America’s Fighter Jet Makers Are Thriving, Thanks to Trump and Putin

An F/A18 Super Hornet, assigned to the Romans of Strike Fighter Squadron (VFA) 106, lands on the flight deck of the aircraft carrier USS George Washington (CVN 73).
American-made fighter jets, once facing extinction, have seen a resurgence in sales, thanks largely to Donald Trump and Vladimir Putin. Add to that Middle Eastern nations arming for potential war with Iran and there may be more than $80 billion in new or potential sales for F-15s, F-16s, and F/A-18s worldwide.

Trump’s Pentagon budgets over the past two years have enabled the U.S. Navy to keep buying new F/A-18 Super Hornets. His fiscal 2020 budget plan calls for purchasing even more of those warplanes, plus a new variant of the F-15 for the Air Force, which has not purchased Eagles since 2001. Meanwhile, eastern European nations spooked by Russia’s 2014 annexation of Crimea are looking at the affordable F-16.
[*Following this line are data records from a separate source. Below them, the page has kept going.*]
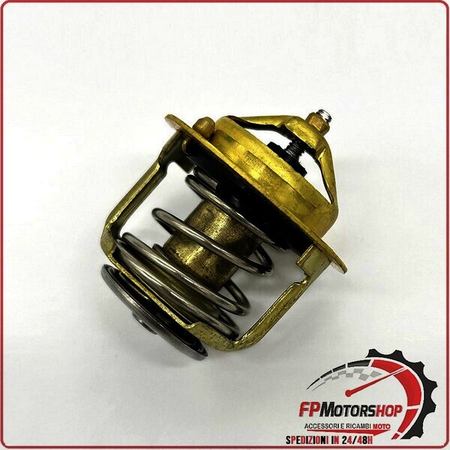 TERMOSTATO RADIATORE PER MOTO YAMAHA V839600721 V-MAX 1200 86 01 TOURMAX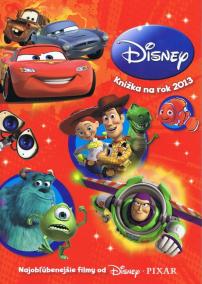 Disney - Knižka na rok 2013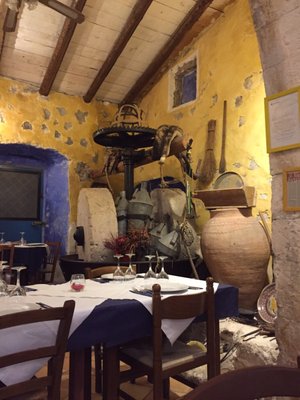 Ristorante Mates by null
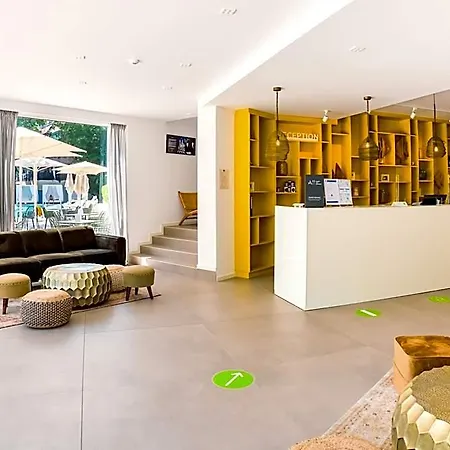 Ibis Styles Roomer מלון 4*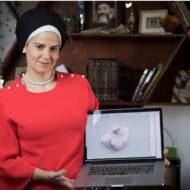 Dr. Yehudit Abrams, founder of MonitHer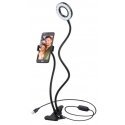 Platinet ring luminaire PMRL3 Vlog LED Flexible Platinet ring luminaire PMRL3 Vlog LED Flexible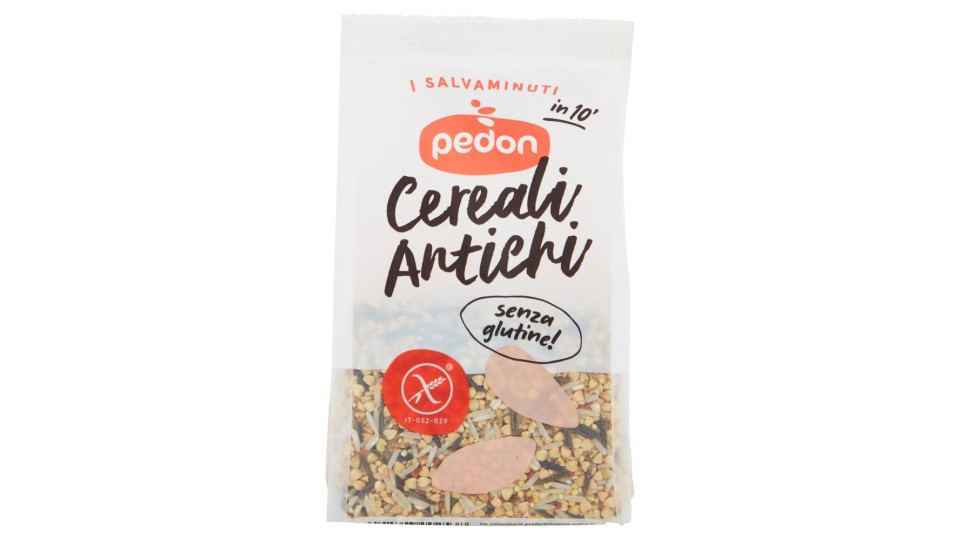 Pedon I Salvaminuti Cereali Antichi 250 G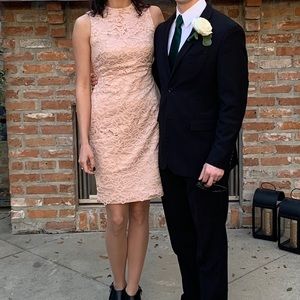 Vince Camuto Lace dress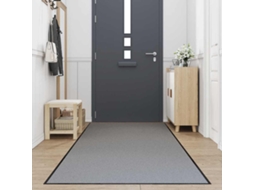 Maison Exclusive - Capacho 115x400 Cm Cinzento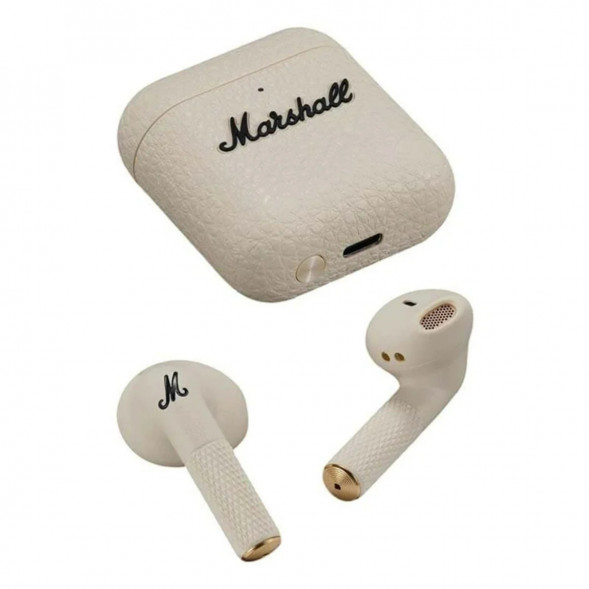 Беспроводные наушники Marshall Minor IV, Cream в Грозном
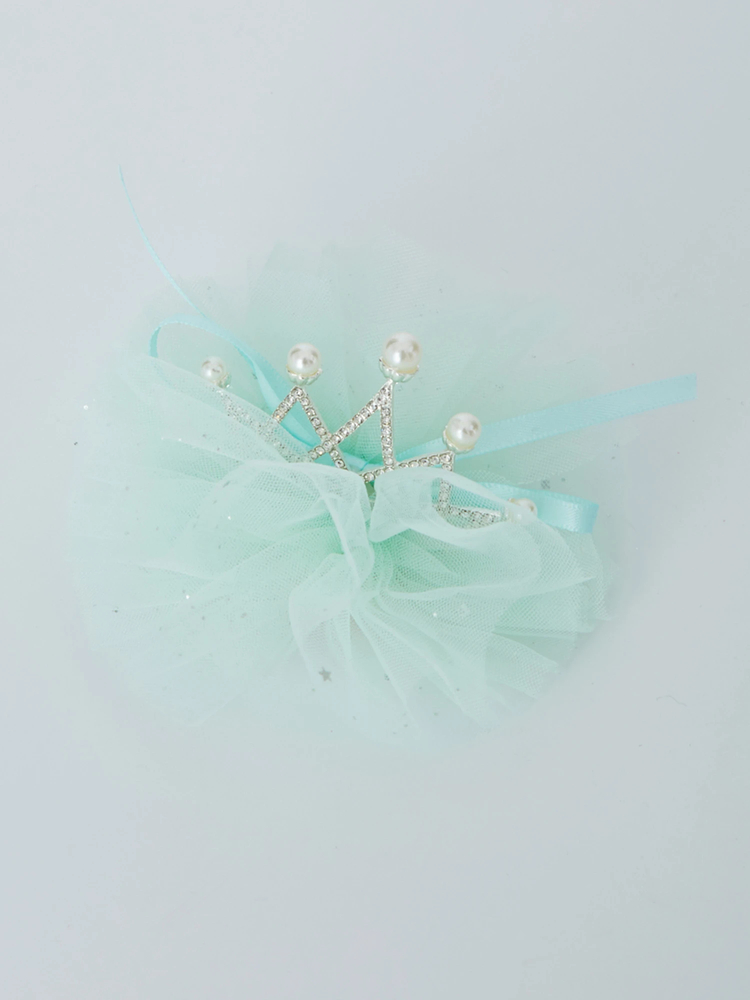 推し活クラウンチュールクリップ - Ank Rouge(アンクルージュ)のヘッド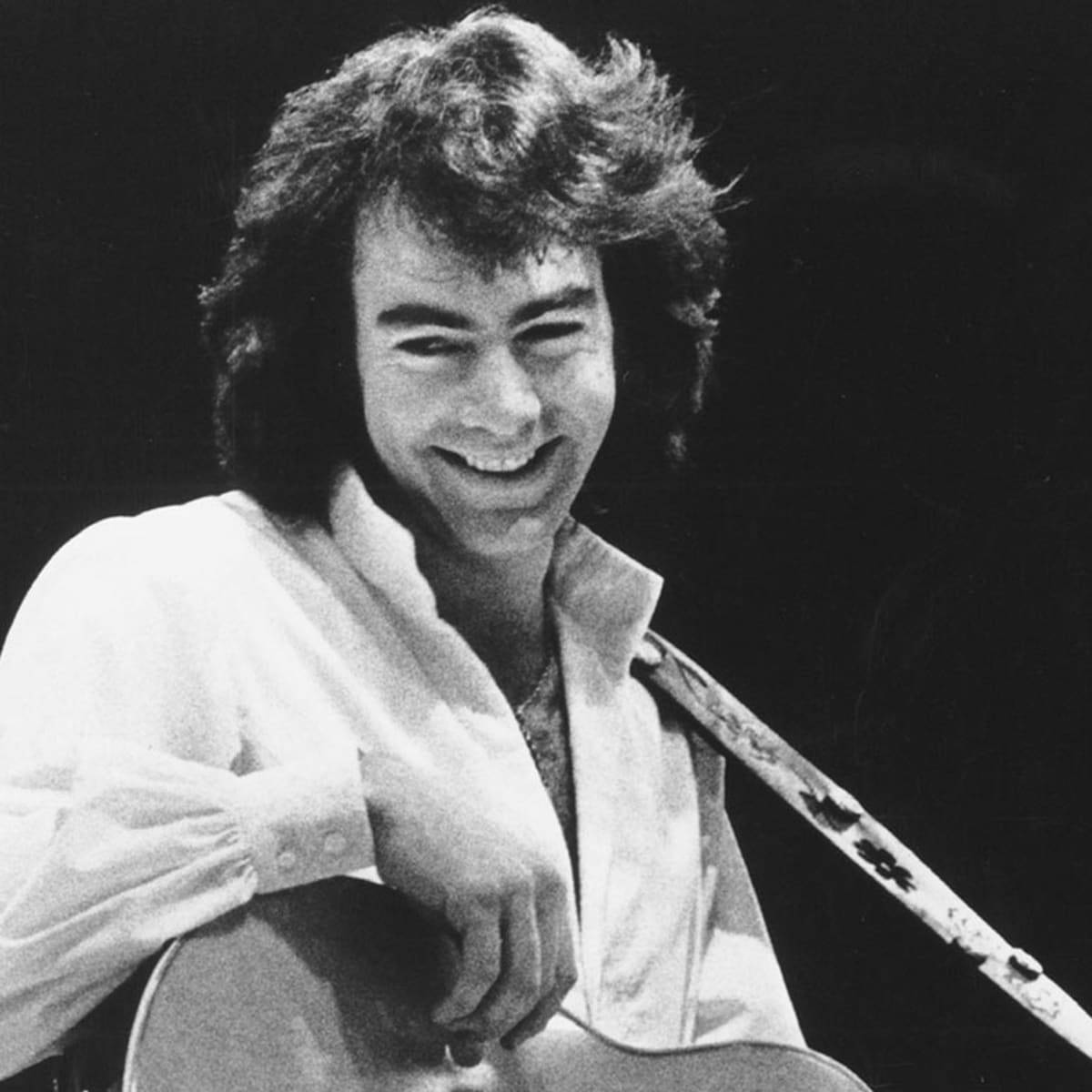 Neil Diamond Big Smile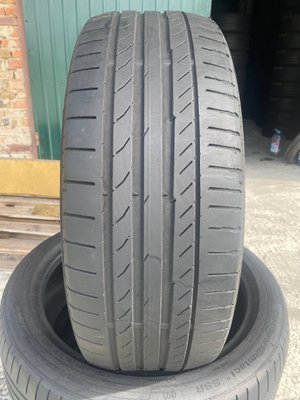 225/45R19 Continental ContiSportContact 5 01169olx фото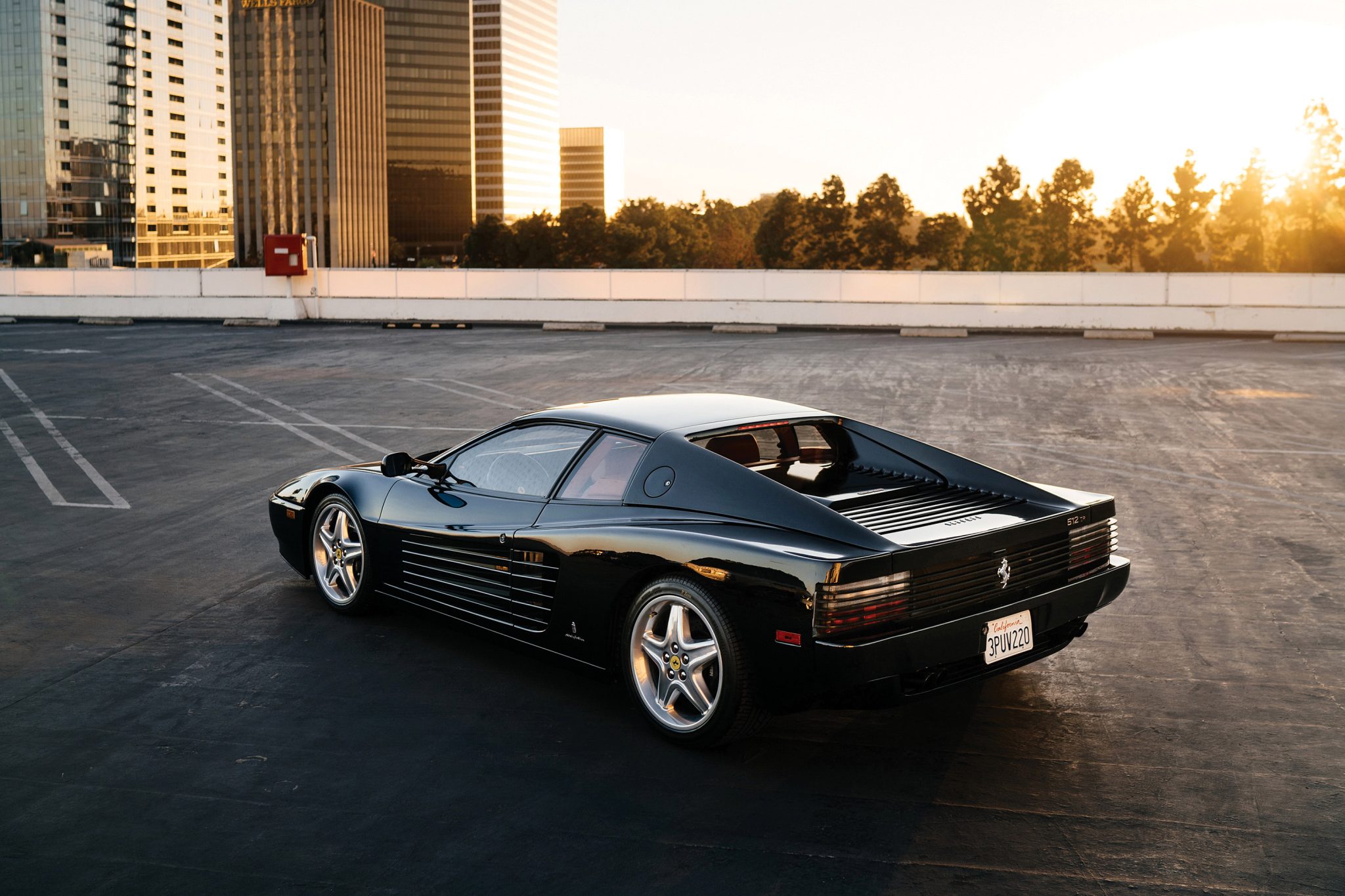 1991 ferrari 512 tr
Three years ago, just one U.S. fighter jet was expected to still be in production next year: Lockheed Martin’s F-35 Joint Strike Fighter, a warplane being built for the U.S. military and a growing number of its allies.

“[W]e basically thought the [F-16] line was finished,” Lockheed CFO Ken Possenriede said March 7 at a JP Morgan investors conference in New York.